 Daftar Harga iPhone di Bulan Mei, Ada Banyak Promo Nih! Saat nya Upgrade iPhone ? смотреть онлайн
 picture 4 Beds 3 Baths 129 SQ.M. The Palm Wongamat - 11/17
--
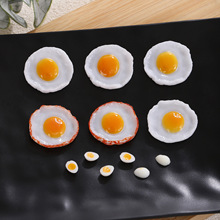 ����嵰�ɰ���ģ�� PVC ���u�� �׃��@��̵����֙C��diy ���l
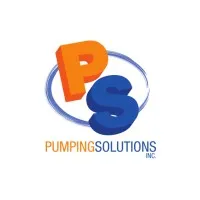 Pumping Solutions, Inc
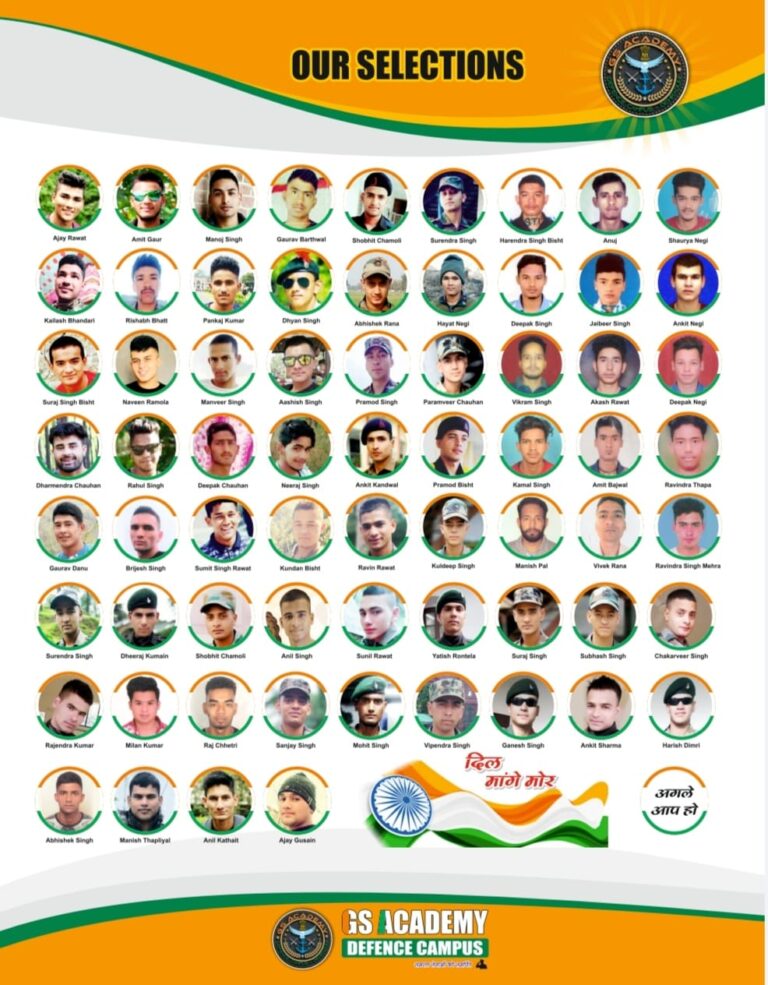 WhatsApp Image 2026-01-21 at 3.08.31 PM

• TASK REQUIREMENTS: In the data above, take the line with "PVC ���u�� �׃��@��̵����֙C��diy ���l", the line with "WhatsApp Image 2026-01-21 at 3.08.31 PM", and every line between, and set them down exactly without pictures.

• WORKED SOLUTION:
 ����嵰�ɰ���ģ�� PVC ���u�� �׃��@��̵����֙C��diy ���l
 Pumping Solutions, Inc
 WhatsApp Image 2026-01-21 at 3.08.31 PM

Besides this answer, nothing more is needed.